Alpine Helicopters’ Jim Reid said the company recently learned about a tail rotor designed to reduce noise by 40 per cent and has bought two at a cost of $10,000 to evaluate.

He said if they work, Alpine is committed to putting them on all eight helicopters that fly in and out of Canmore.

Alpine’s 12-year lease of the facility ended in March this year and prior to that administration began negotiating changes to several terms.

For the most part, the lease remains unchanged, said de Soto, but several areas have been addressed.

For the last 10 years the company has been paying $84,245 annually for rent, but an appraisal of the land showed a market rent would be $126,500, a significant increase.

A new rental rate recognizing consumer price index increases since 1999 of 30.5 per cent would set the rent at $109,940 and was agreeable to Alpine, according to de Soto, and it includes future annual increases set at inflation.

The buildings and infrastructure on the land were built by Alpine and de Soto said the old lease terms would see the municipality reimburse the company for those structures if the lease is terminated by either party.

She said that was felt to be too much of a liability and Alpine agreed to schedule depreciation of the $600,500 value over 25 years. With council’s motion to postpone and sign a 10-year lease, that schedule of depreciation will also have to be renegotiated.

The lease included a section which sets out that the conduct of the business cannot cause a nuisance and de Soto said administration felt that was not adequately defined.

As a result, an addition of a schedule D to the lease entitled Conduct of a Helicopter Business was created and defines Alpine’s operations in three areas and sets flight paths. Coun. Jim Ridley amended the schedule to have Alpine research and implement quieter equipment parts where possible.

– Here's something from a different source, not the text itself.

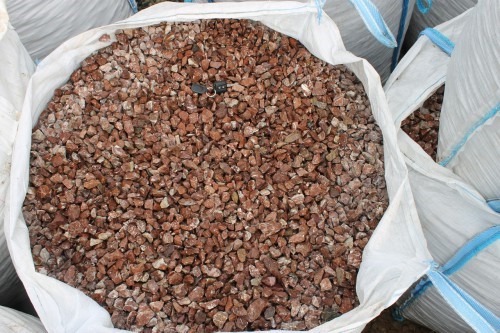  Мраморная крошка (щебень крошка розовый) фр. 10-20 мм.  купить  в Липецке мрамор розовый, красный каменная декоративная крошка ландшафтная 7700 руб/т   фото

Alpine’s operations include sightseeing and those operations are limited to three tour flight durations (12, 25 and 30 minutes) and a maximum of 60 flights per day for sightseeing between 8:30 a.m. and 5 p.m. only. These tours for the most part are provided between April and October and use four of Alpine’s eight aircraft.

While it limits the number of flights per day, de Soto said Alpine could not provide data except on the number of passengers it flies per year.

The 10-year average is 12,414 passengers, with 13,000 predicted for 2011 and 10,406 in 2010. It was 1996, she said, that had the highest volume with 21,401 passengers.

Commercial operations and charters are defined along with emergency services.

While schedule D forms part of the lease, de Soto told council Alpine is amenable to it being reviewed and amended annually with input from the Heliport Monitoring Committee.

Coun. Hans Helder, however, felt the nuisance clause could be strengthened. He proposed a defeated amendment to require Alpine to hire a contractor to review flight paths, patterns and frequency.

While unsuccessful, Helder said the only source of information for the committee is Alpine itself and he would prefer the group begin its work with reliable, independent baseline data.

Coun. Joanna McCallum put forward a failed motion to postpone all lease negotiations until after a committee is formed and spent a year observing operations.

She said establishing the committee after signing a 25-year lease is window dressing on the concerns of the community and backwards.

“It gives (the committee) the opportunity to address the concerns of the community,” she said, adding the group can bring back best practices and recommendations to drive the terms of the lease.

The heliport was constructed by the province for the 1988 Olympics and the Town established a commission to operate it with three different companies running flights out of it.

By 1991, the province and the Town approved the Canmore Airport Vicinity Protection Area, which established rules and regulations regarding development near the airport.

It was, said de Soto, the first of its kind in Canada and has since been used as a model across the country.

However, in 1994 the province sold the land to the municipality and a condition of that sale was the land must remain a heliport.

The heliport belongs to the Town of Canmore which also holds the licence for it to operate.

Because it is a public facility, that means private helicopters may land and fuel in Canmore.